On the same day in an unrelated Public Notice, the FCC announced it was finally willing to consider bringing its EEO recruitment policies into the 21st Century by allowing broadcasters when conducting outreach for new job openings to rely upon Internet web recruitment sources, coupled with on-air advertising.

Chairman Wheeler’s Inaugural Day resignation will likely leave the FCC with a 2-1 Republican majority and an interim chair appointed by the new President once in office. Commissioner Rosenworcel’s term is up. Commissioner Clyburn will be the lone Democrat unless she resigns (she has denied an intention to do so), which would leave the FCC without a quorum.

Although certainly coincidental, it is fitting that the same day Chairman Wheeler announced his resignation, the FCC took the first step to change one of its most archaic broadcast station rules. The earth has shifted in how job seekers and employers seek out employees. The FCC’s EEO requirements, however, continued to insist that a broadcast station’s wide outreach could not rely upon two of the most effective ways today of attracting new employees – internet website job postings, and over-the-air announcements. That is so 20th century in our era of smartphones and public internet terminals in every library!

So, with a first hint of modernizing EEO outreach regulations under a new administration, maybe now is the time for radio broadcasters to draw up a wish list of FCC rules that have outlived their usefulness?

Examples might include the main studio rule when no one in our mobile phone/twitter/Facebook/email age visits a radio station studio to contact radio station management.

Another example might be the public file rule requiring quarterly issues/programs lists. These lists, at best, have questionable utility in assessing whether a broadcast station has served the public interest.

The FM translator interference rule was adopted decades ago for distant translators prior to FM translators bringing reliable AM service and diverse HD sub-channel programming to in-contour audiences. The FM translator interference rule arguably contravenes the Communications Act by perverting the “fair, efficient, and equitable distribution” provisions of Section 307(b) in unfairly, inefficiently and inequitably favoring the extension of a distant station’s weak FM signal past its protected contour to vast areas, to the disfavor of tens of thousands of in-contour FM translator listeners.

If playing a game over the holidays of “which FCC rule would I eliminate” sounds like a productive use of time, anyone can file a petition for rulemaking with the FCC. Indeed, FCC petitions for rule making, or petitions advocating the elimination of rules, can be filed online. Once the FCC has a 2-1 GOP majority after Inauguration Day, we may find an eager propensity to eliminate outdated and outmoded broadcast station rules. It is not too early to now propose which FCC rules merit demolition.

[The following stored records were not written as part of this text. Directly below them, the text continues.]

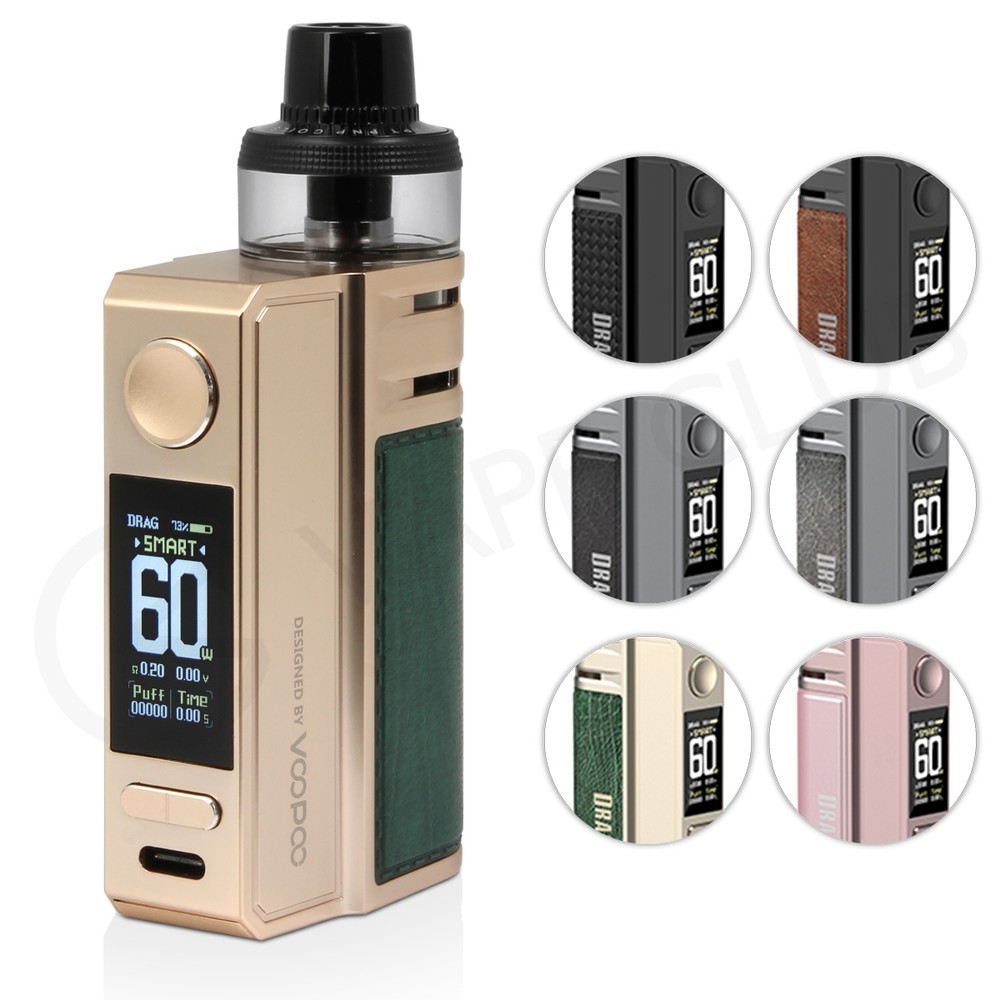 Voopoo Drag E60 Kit Doumani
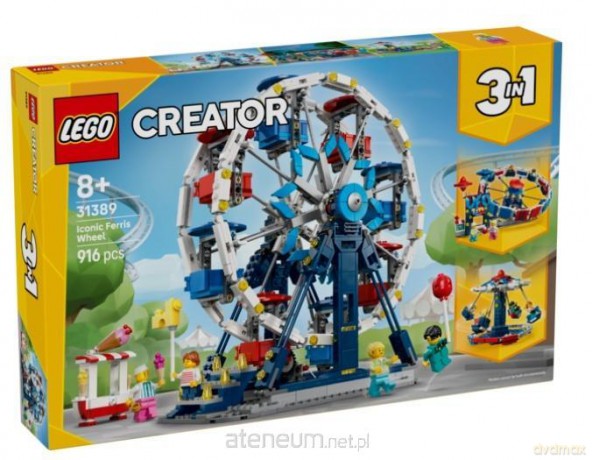 LEGO CREATOR Iconic Ferris Wheel (31389) [KLOCKI]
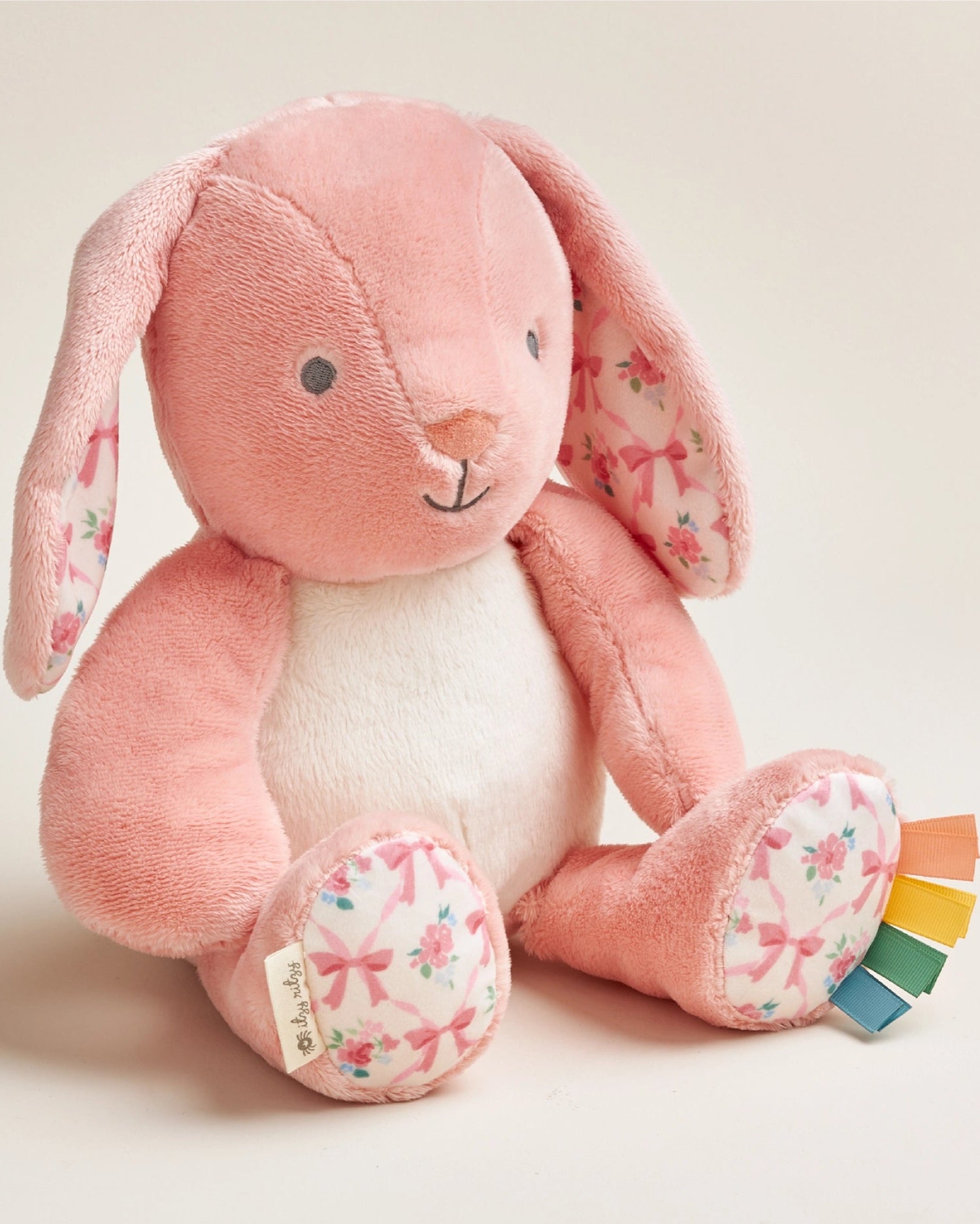 SWEETIE SNUGGLES PLUSH - PINK BUNNY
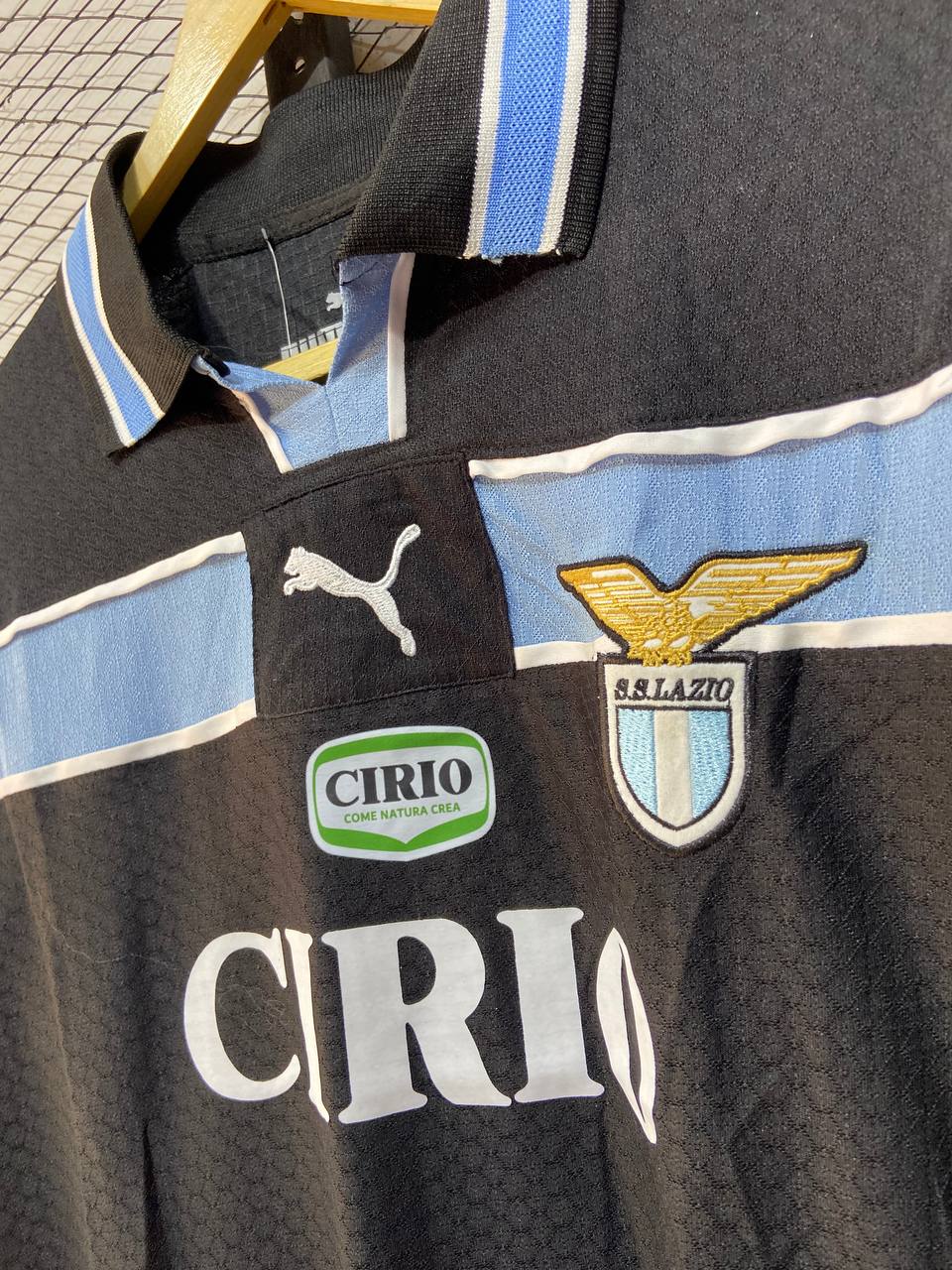 Lazio 1998-99 Home Kit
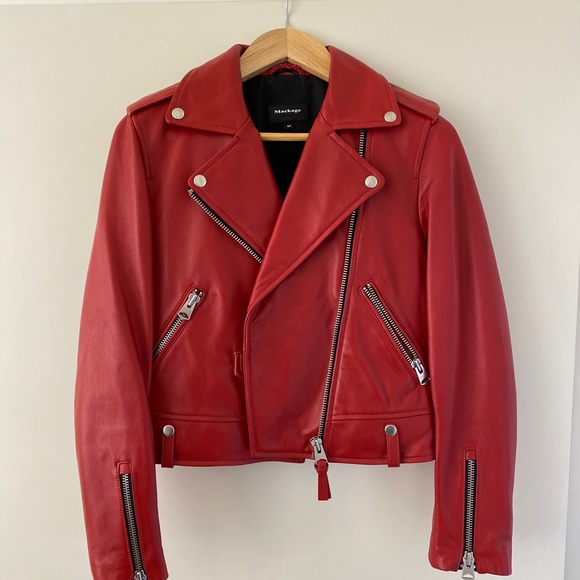 Mackage Jackets & Blazers - Mackage Classic leather moto jacket. NEW!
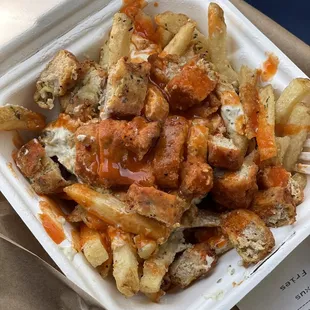 Buffalo fries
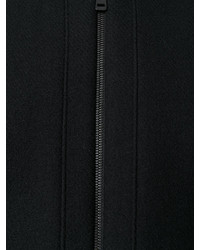 schwarze Jacke von Jil Sander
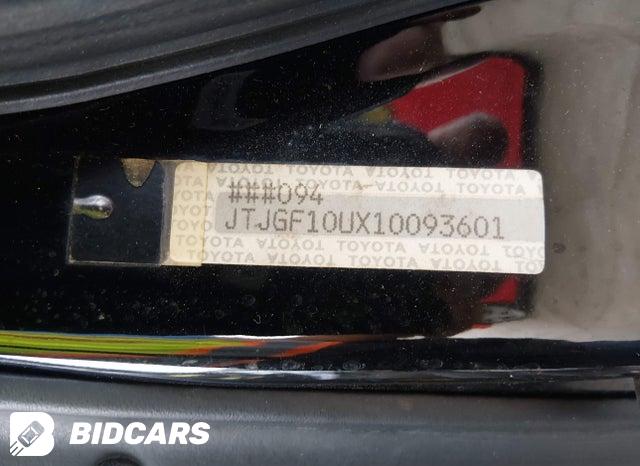 JTJGF10UX10093601 2001 Lexus RX photo no. 9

John F. Garziglia is a Communications Law Attorney with Womble Carlyle Sandridge & Rice in Washington, DC and can be reached at (202) 857-4455. or [email protected]

1 COMMENT

  1. I see all sorts of changes coming under the new administration, and in the long run, I see them further decimating the industry. Fewer owners, bigger debts, fewer employees, less originality, less creativity, less innovation, many fewer listeners, but higher incomes for top management. Before the last round of ownership deregulation, it was widely said that owning a radio station was like having a license to print money. Since then, things have changed; just two radio owners have debts totaling more than $25 billion. Why? Because consolidation is GOOD for radio, so, let’s do it again, and throw newspapers in to the mix, now, too!